The logic of modus tollens says: P->Q, and if we observe not Q, therefore we conclude not P. We assume a fair coin model. We expect about 500 heads if we flip a coin 1,000 times. However, from a well-designed experiment we observe 900 heads (900 put on a p-value scale would be an extremely small p-value). Therefore, we conclude the fair coin model is not good here. Briggs would need to explain convincingly why this reasoning is erroneous and give a model that works better.

"Classical hypothesis testing is founded on the fallacy of the false dichotomy. The false dichotomy says of those hypotheses that if one hypothesis is false, the other must be true.". Again we see the "true" bit when science just talks about "evidence". Actually, hypothesis testing divides up the parameter space into say two mutually exclusive and exhaustive parts. If we have evidence to conclude it is not in one part, then we must conclude it is in the other part. Also, we allow errors (Type 1, Type 2), so we are definitely not saying any decision is we make from the evidence is "true" in any absolute sense.

Regarding frequentism requiring infinity, and there is no actual infinity to observe in real life, etc., this is not correct, as infinity and frequentism are wrong but useful models. Things like areas under curves work by modelling smaller and smaller rectangles under a curve ("but we never observe those in real life!" Briggs might say), yet integration works. It does because it is a model, and your computer does it until the successive changes between computed areas is less than an epsilon. In our finite world, we can say that for any very small d>0, if, at the end of n trials, |fn-p| < d, then we are justified in saying fn~p (read "fn is approximately p") for all intents and purposes. If the "true" p, which we never know, is .50, for example, do you worry if the observed relative frequency is .4999999999 or .500000001?

Briggs mentions the finiteness of the universe as some evidence against literal infinity. Minor point, but I'd just like to mention that all we know about is the observable universe. Briggs mentions that no one can really imagine an infinity even though they say they can, yet Briggs talked about the infinite number of numbers between 0 and 1... so can he do it or use a infinity as a model but no one else can?

In one example, Briggs needed a large N for an argument, so he decided to make it "a googolplex to the power of a googolplex to the power of a googolplex, 84 times, which is a mighty big number, but finite". I'm glad Briggs sees the value of frequentism and large-N arguments. Maybe Briggs can imagine a googolplex to the power of a googolplex to the power of a googolplex, 84 times, but not infinity, which is still pretty impressive I'd say. Perhaps Briggs can explain why we'd expect the relative frequency of Heads to be around .50 for a googolplex to the power of a googolplex to the power of a googolplex, 84 times number of flips, but not be around .50 after that?

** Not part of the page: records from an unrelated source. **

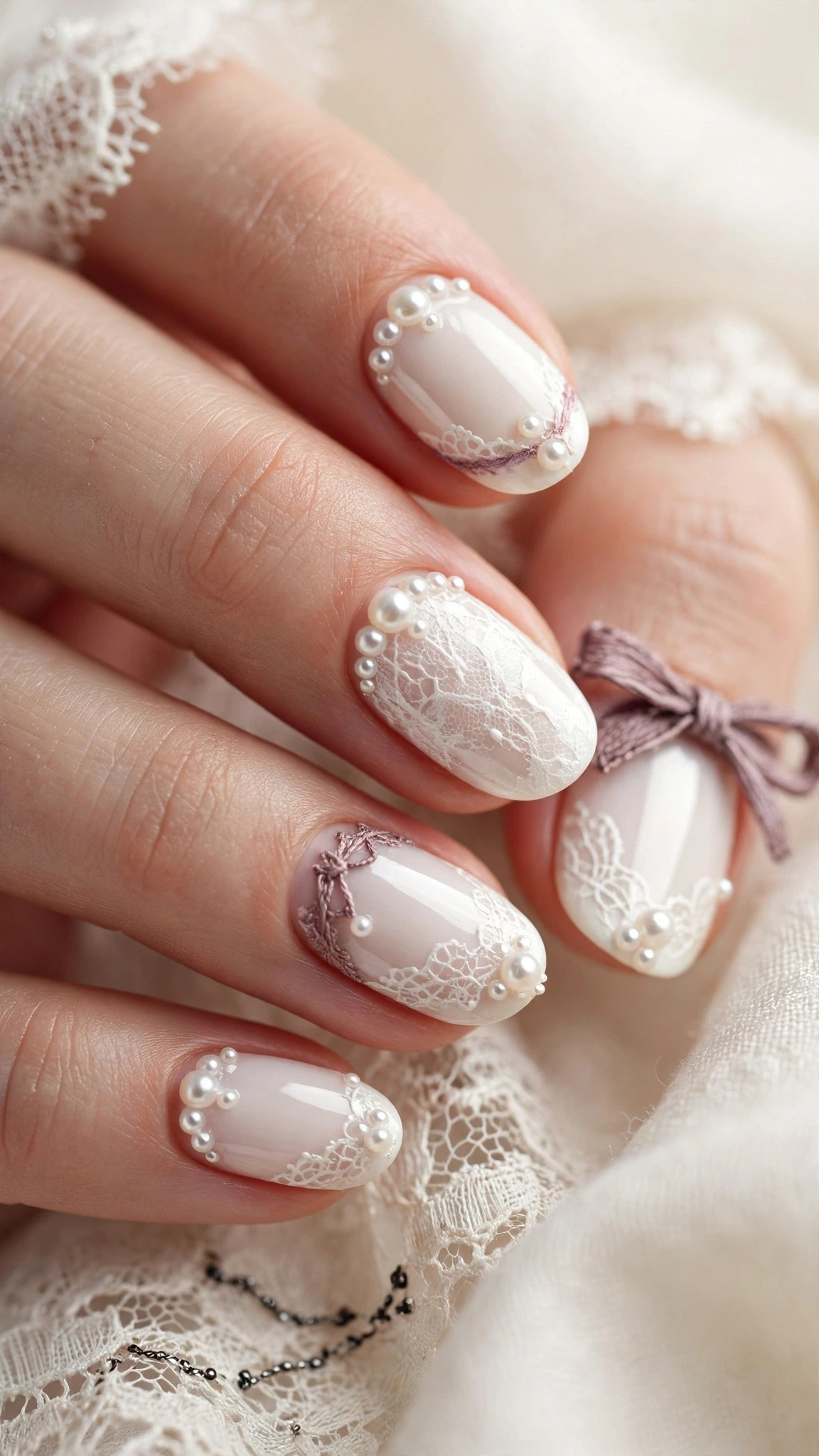 Manicura blanca para boda con perlas y detalles de encaje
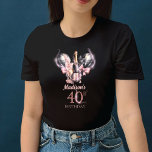 Luxury 40th Birthday Black Pink Champagne T-Shirt<br><div class="desc">Luxury Rose Wine Adult Birthday design. Matching products can be found in Luxury Wine Adult Birthday collection.</div>
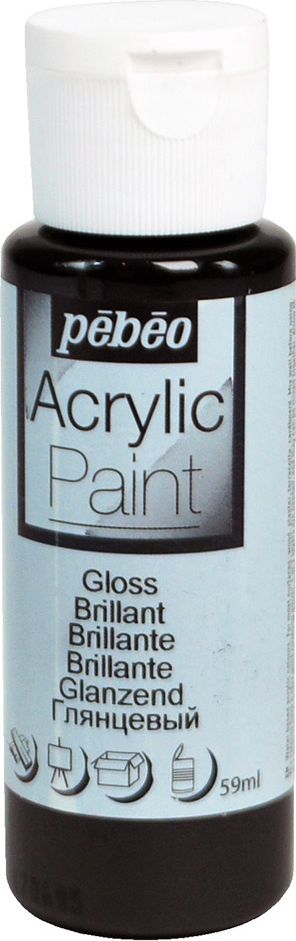 Pebeo Краска акриловая Acrylic Paint глянцевая цвет 097860 черный 59 мл - Краски Pebeo Краска акриловая Acrylic Paint глянцевая цвет 097860 черный 59 мл - Краски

Regarding frequentism hypothesis testing requires H0 to be exactly true, nothing requires any model to be exactly true outside of the mathematics. If any assumptions do not hold exactly in reality, there are the fields of robust and nonparametric statistics which can address these issues. There is also, quite simply put, an allowance for making errors; alpha, beta, etc.

I can think of several ways one could reasonably model the darts player improving over time (logistic regression or time series come to mind). I'm not sure why Briggs thinks this is a good example for the inadequacy of frequentism from Hajek.

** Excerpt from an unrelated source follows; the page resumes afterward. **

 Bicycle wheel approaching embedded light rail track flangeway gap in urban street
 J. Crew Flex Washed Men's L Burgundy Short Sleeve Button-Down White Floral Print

Briggs talks about Keynes and "weight of probability", and Keynes saying "new evidence will sometimes decrease the probability of an argument, but it will always increase its weight". This feeling is explained in my opinion by the Strong Law of Large Numbers with relative frequencies being calculated as well as variances getting smaller, as well as observing results from well-designed experiments over time.

I would also side with Bayesians and conclude that assuming a uniform distribution or something uninformative is a reasonable way in most cases to proceed (although not perfect, which has never been claimed in the first place, and does have flaws). Briggs is wrong when he says that "there cannot be an equal probability for infinite alternatives because the sum of probabilities, no matter how small each of the infinite possibilities is, is always (in the limit) infinity" because a) the continuous uniform distribution is only a wrong but useful model, and b) the "infinite possibilities" are in reality only finite and limited by the digits the computer is showing you.

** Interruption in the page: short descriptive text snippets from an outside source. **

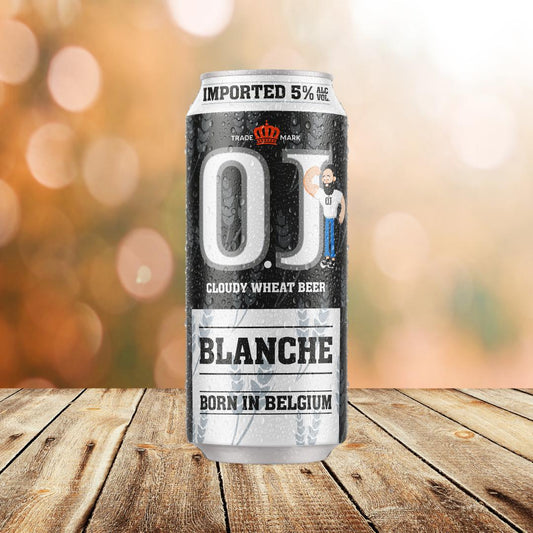 O.J. Blanche Premium Wheat Beer Can-O.J. Beer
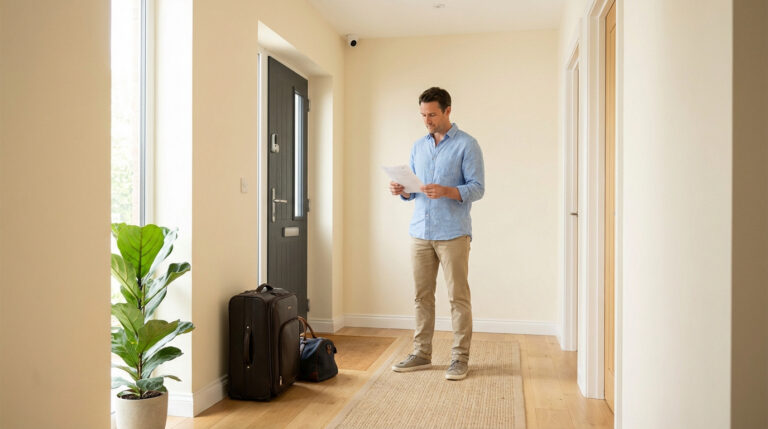 Un homme lit des documents près de sa porte d'entrée, avec des bagages et une caméra de sécurité au plafond.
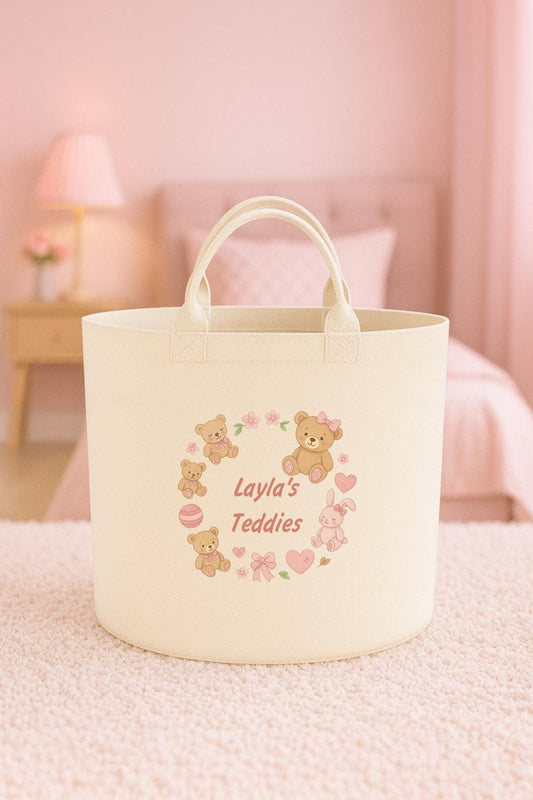 Personalised Teddy storage Felt Trug basket, perfect gifts girls kids gift fun animals storage basket trugs toy storage teddies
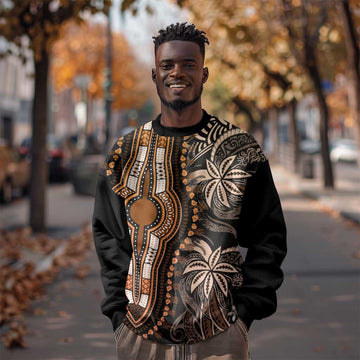 Polynesia Mixed African Dashiki Sweatshirt Afro-pacific Culture - Gold LT9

"You give this pill to 100 volunteer sufferers, and to another 100 you give an identical looking placebo. ... 71 folks in the profitizol group got better, whereas only 60 in the placebo group did. Here is the question: in what group were there a greater proportion of recoverers? ... the untrained...civilian will say 'The drug group', which is the right answer." This confuses a sample with a population in my opinion. Briggs only has one sample, from one experiment, and a point estimate. He can only say descriptively that more recovered in the drug group in this sample, not that overall the drug is effective, which is what generally science aims to establish.

Miscellaneous

"Truth resides in the mind..." Again, the "truth" bit. I would opine that science does not talk about "truth" or "proof" but only "evidence". Anyway, the funny thing about minds is that they can get fooled by optical illusions, magic, overconfidence, etc. Briggs also does not convincingly distinguish mind from the physical organ called the brain or functions of it.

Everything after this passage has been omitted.